Source records:
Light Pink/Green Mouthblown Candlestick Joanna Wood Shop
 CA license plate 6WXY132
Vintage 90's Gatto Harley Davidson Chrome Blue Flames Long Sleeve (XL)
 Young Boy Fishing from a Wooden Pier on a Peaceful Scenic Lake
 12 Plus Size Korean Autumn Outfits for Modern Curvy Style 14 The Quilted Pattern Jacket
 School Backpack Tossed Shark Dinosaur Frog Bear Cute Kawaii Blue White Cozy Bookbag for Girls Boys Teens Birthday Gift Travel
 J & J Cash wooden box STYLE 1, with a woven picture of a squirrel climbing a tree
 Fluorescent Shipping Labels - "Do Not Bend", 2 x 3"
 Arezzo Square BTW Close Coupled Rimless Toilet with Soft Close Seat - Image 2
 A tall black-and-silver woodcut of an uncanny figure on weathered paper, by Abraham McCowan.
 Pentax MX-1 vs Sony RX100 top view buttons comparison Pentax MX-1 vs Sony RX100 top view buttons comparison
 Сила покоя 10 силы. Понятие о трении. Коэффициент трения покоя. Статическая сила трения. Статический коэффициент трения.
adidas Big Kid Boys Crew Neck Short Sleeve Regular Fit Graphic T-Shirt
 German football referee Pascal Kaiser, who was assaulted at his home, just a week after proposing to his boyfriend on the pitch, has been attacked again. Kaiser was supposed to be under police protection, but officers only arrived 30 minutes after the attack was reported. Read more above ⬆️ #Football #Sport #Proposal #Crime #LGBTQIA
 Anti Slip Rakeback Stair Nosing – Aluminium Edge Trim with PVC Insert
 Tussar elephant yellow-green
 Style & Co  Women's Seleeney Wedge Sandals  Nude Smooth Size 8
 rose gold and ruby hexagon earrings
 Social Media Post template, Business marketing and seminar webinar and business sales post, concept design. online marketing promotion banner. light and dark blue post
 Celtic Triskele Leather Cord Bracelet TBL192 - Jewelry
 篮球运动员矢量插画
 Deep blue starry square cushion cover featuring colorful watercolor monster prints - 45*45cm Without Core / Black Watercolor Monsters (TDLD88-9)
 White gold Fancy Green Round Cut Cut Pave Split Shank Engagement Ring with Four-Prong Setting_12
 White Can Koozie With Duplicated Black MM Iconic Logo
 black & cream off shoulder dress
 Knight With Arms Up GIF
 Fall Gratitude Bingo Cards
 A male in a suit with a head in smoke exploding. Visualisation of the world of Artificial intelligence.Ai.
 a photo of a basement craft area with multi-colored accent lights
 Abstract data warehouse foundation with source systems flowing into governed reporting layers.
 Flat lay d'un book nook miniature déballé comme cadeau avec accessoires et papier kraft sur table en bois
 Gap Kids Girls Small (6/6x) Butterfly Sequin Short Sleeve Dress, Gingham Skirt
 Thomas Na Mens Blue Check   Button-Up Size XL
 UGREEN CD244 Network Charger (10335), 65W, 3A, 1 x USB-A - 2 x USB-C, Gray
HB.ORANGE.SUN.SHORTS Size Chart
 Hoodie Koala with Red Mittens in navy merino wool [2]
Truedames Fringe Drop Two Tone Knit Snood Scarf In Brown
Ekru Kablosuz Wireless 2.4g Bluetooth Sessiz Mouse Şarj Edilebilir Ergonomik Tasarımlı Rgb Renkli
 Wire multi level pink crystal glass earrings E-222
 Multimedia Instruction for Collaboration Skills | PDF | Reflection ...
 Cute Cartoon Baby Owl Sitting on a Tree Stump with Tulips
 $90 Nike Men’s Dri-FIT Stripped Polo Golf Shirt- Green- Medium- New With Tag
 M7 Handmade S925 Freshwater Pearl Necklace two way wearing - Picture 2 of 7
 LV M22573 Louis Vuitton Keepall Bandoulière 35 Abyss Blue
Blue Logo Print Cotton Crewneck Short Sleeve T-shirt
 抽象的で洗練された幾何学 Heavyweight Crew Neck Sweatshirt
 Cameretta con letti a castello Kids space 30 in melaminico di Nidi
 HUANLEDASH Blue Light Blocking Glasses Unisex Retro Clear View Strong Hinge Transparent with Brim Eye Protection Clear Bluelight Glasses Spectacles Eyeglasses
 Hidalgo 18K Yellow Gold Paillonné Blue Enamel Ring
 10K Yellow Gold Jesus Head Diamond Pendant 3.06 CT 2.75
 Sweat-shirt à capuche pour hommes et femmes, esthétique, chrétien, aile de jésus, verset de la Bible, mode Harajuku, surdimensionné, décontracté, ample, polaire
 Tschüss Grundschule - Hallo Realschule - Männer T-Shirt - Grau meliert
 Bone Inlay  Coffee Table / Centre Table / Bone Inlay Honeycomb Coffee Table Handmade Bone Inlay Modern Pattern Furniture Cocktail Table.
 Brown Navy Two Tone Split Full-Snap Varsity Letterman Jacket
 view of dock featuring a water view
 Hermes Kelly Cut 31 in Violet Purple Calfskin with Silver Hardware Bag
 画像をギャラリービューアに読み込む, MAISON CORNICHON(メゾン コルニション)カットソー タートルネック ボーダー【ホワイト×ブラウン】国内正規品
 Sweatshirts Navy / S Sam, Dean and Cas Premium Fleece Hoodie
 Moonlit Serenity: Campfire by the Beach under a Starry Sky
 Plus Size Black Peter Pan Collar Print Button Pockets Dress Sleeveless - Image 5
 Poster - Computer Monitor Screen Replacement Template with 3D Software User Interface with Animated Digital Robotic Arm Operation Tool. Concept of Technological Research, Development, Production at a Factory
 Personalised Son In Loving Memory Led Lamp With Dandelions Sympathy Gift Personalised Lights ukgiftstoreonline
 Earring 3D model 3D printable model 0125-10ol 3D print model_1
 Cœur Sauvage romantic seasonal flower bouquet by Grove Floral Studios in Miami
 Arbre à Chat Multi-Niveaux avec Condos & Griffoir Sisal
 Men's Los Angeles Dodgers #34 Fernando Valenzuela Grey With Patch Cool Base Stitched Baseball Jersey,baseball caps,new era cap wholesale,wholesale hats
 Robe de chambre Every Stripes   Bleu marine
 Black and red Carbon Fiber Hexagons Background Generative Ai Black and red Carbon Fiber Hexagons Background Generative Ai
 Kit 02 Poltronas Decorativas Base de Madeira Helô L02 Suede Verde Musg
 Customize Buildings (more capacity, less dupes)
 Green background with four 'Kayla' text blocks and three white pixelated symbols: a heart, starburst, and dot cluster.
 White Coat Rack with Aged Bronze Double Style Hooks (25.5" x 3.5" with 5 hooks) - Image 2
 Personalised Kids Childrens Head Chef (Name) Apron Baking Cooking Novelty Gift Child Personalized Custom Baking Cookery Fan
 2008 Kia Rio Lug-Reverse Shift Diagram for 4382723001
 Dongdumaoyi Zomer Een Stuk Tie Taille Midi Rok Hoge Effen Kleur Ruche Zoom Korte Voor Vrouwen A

Problem description: Would you please copy all lines in the data that contain the word "Personalised"?

Written answer:
 Personalised Son In Loving Memory Led Lamp With Dandelions Sympathy Gift Personalised Lights ukgiftstoreonline
 Personalised Kids Childrens Head Chef (Name) Apron Baking Cooking Novelty Gift Child Personalized Custom Baking Cookery Fan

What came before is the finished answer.